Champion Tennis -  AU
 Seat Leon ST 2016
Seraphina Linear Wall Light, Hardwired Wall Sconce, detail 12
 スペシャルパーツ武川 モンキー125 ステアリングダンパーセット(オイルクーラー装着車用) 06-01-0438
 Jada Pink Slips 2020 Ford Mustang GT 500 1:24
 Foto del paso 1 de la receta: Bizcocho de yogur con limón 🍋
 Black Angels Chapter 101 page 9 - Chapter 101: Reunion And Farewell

**INSTRUCTIONS FOR THE TASK**.
Output the full listing above once again, verbatim.

**SOLUTION TO THE EXERCISE**.
Champion Tennis -  AU
 Seat Leon ST 2016
Seraphina Linear Wall Light, Hardwired Wall Sconce, detail 12
 スペシャルパーツ武川 モンキー125 ステアリングダンパーセット(オイルクーラー装着車用) 06-01-0438
 Jada Pink Slips 2020 Ford Mustang GT 500 1:24
 Foto del paso 1 de la receta: Bizcocho de yogur con limón 🍋
 Black Angels Chapter 101 page 9 - Chapter 101: Reunion And Farewell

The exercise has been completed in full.